Mesdames et Messieurs,

 

« L’impératif humanitaire, priorité absolue »

Ce sont les premiers mots du Code de conduite pour le Mouvement international de la Croix-Rouge et du Croissant-Rouge et pour les organisations non gouvernementales (ONG) lors des opérations de secours en cas de catastrophe. En une ligne, les auteurs du Code ont saisi l’histoire, le but et l’humanité commune du Mouvement.

L’impératif humanitaire, priorité absolue. N’est-ce pas pour cela, mes amis, que nous sommes ici ?

Comme l’a dit mon cher ami Peter Maurer, « le monde est à un tournant[1] ». Le nombre de personnes ayant besoin d’une assistance humanitaire est sans précédent. Selon les Nations Unies, plus de 80 millions de personnes ont besoin de notre aide – un chiffre qui a doublé rien qu’au cours des dix dernières années. En 2014, près de 102 millions de personnes ont été touchées par des catastrophes[2].

La réponse apportée par le Mouvement est, comme toujours, l’humanité. Des efforts incessants et inlassables pour atteindre les plus vulnérables, les plus isolés, pour protéger leur vie et restaurer leur dignité. Notre action est guidée par les besoins, et uniquement par eux.
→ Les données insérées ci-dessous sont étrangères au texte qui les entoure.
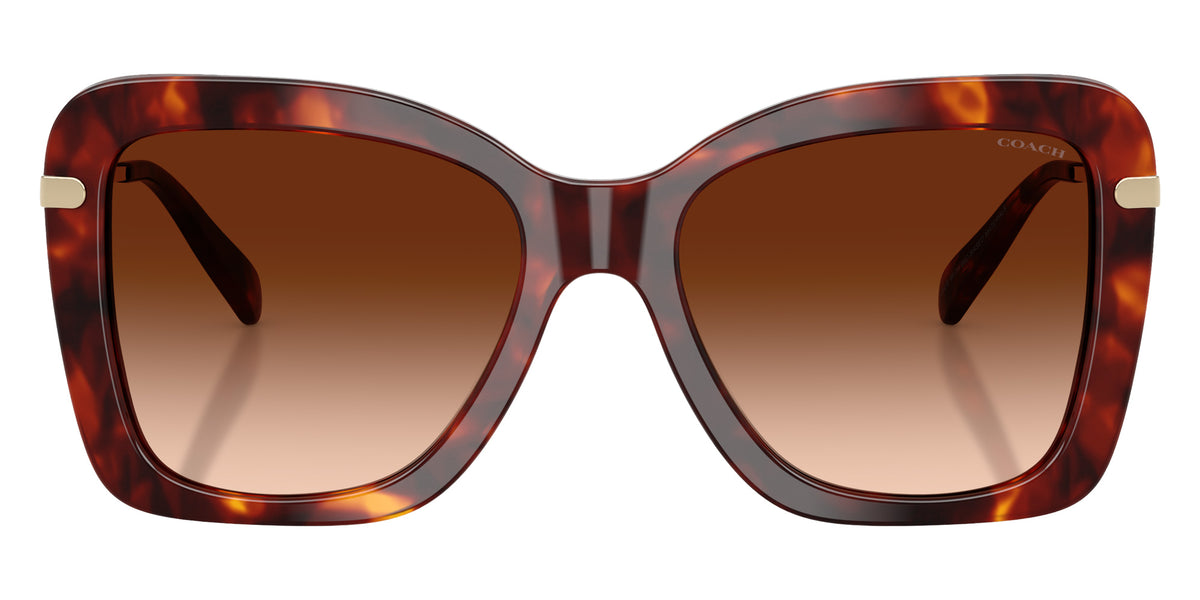 Coach HC8461U CFU03 593874 54 - Walnut Tortoise / Brown Gradient #id:hc8461u593874_s:102100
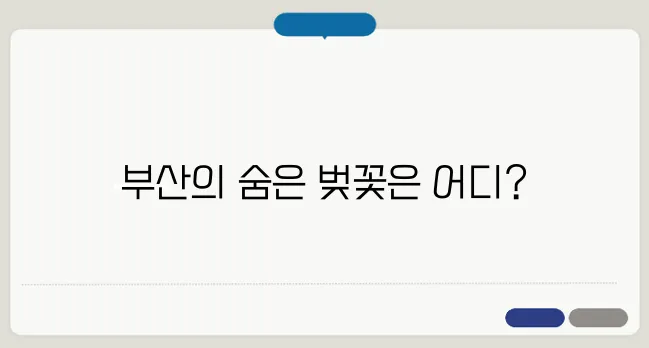 부산 벚꽃 명소 추천! 숨은 벚꽃 스팟 공개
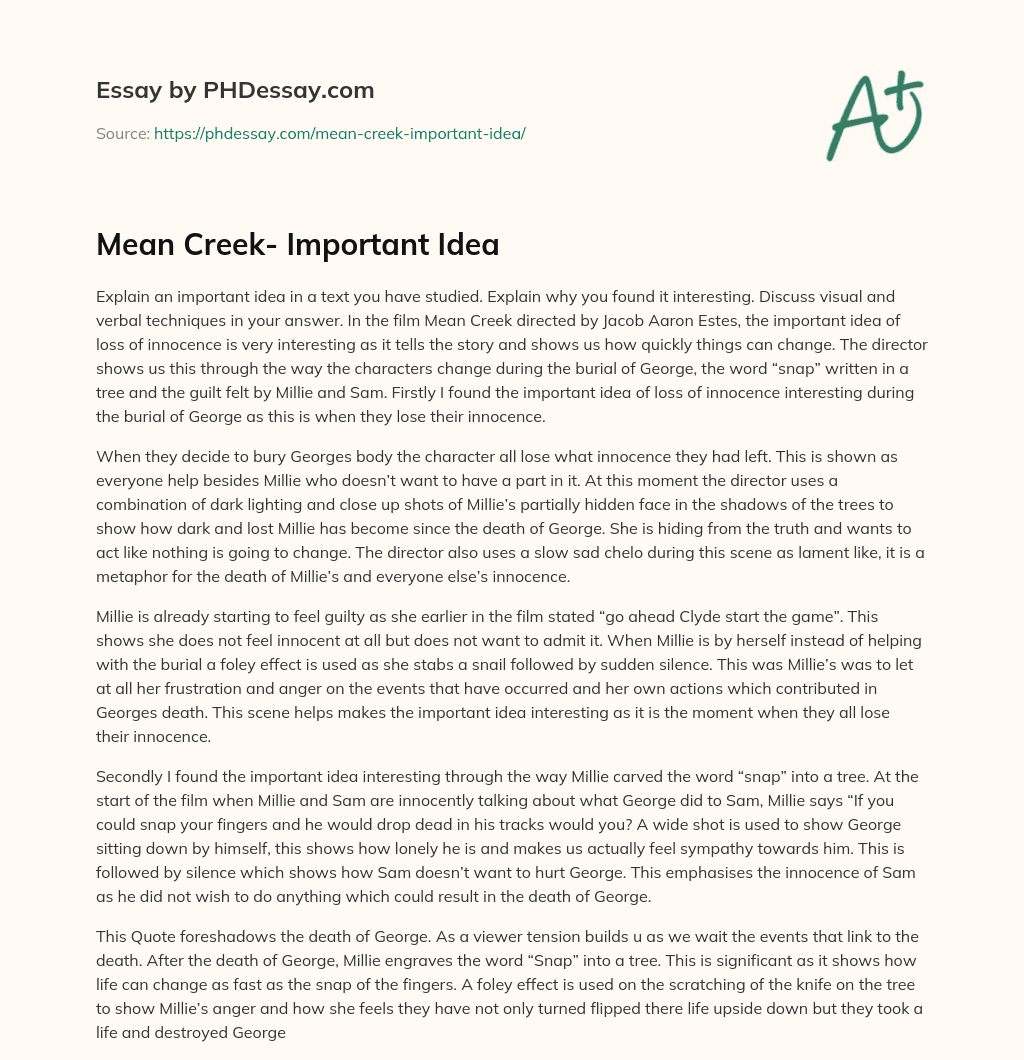 Mean Creek- Important Idea essay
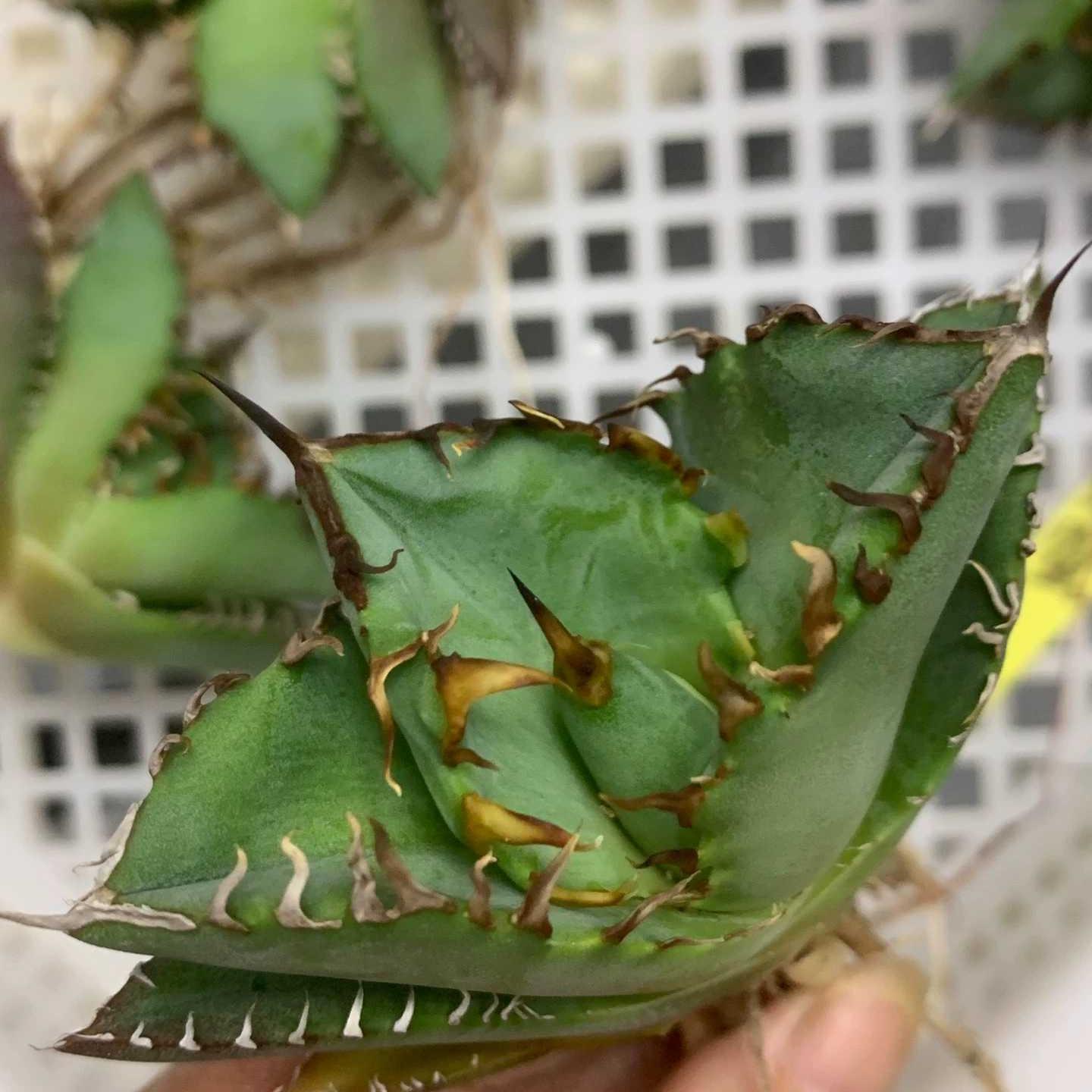 5-15cm Agave oteroi 'Crab'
Il ne s’agit pas seulement d’un idéal, mais aussi d’une approche pratique façonnée par plus de 150 ans d’action humanitaire. Notre Mouvement est neutre, impartial et indépendant, parce qu’il doit l’être pour atteindre les personnes les plus vulnérables et les plus isolées.

L’impératif humanitaire est certes une priorité absolue, mais cela ne suffit pas.
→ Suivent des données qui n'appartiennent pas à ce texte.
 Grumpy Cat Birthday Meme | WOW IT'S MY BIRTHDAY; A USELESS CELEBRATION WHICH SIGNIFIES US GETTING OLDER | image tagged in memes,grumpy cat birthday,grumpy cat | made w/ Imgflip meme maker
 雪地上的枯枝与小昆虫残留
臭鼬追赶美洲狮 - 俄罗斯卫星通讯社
Cette approche fondée sur des principes – ainsi que les lois élaborées en partenariat avec les États – a guidé notre Mouvement durant 150 ans. Elle a contribué à définir le système humanitaire mondial. Mais l’histoire de l’humanité est aussi l’histoire de notre espèce. Une histoire marquée par la guerre, la violence, la pauvreté, la misère, les catastrophes, qu’elles soient naturelles ou provoquées par l’homme, et le désespoir.

On ne peut attendre des organisations humanitaires qu’elles garantissent seules l’application de ces principes. Notre Mouvement a besoin du soutien des États et, plus encore, de leur leadership pour maintenir ces principes au centre de notre action et pour promouvoir leur respect permanent ainsi que celui des lois qui les sous-tendent.

Nous avons une responsabilité commune d’atteindre toutes les personnes dans le besoin et l’obligation collective d’en rendre compte. Les Sociétés nationales de la Croix-Rouge et du Croissant-Rouge jouent un rôle unique d’auxiliaire indépendant des pouvoirs publics. Les gouvernements n’ont pas les réponses à tous les défis auxquels leurs citoyens sont confrontés. Même ceux qui ont le plus de ressources peuvent avoir du mal à atteindre les personnes véritablement isolées et vulnérables. Nous pouvons parcourir ce dernier kilomètre pour apporter directement l’aide à ceux qui en ont besoin.

Nous devons nous adapter ensemble. Les besoins humanitaires ont non seulement augmenté, mais aussi changé. Nous ne sommes pas confrontés aujourd’hui aux mêmes types de crise qu’il y a encore à peine dix ans. Les conflits se prolongent et n’ont plus grand-chose à voir avec ceux qui ont conduit à l’ordre mondial actuel.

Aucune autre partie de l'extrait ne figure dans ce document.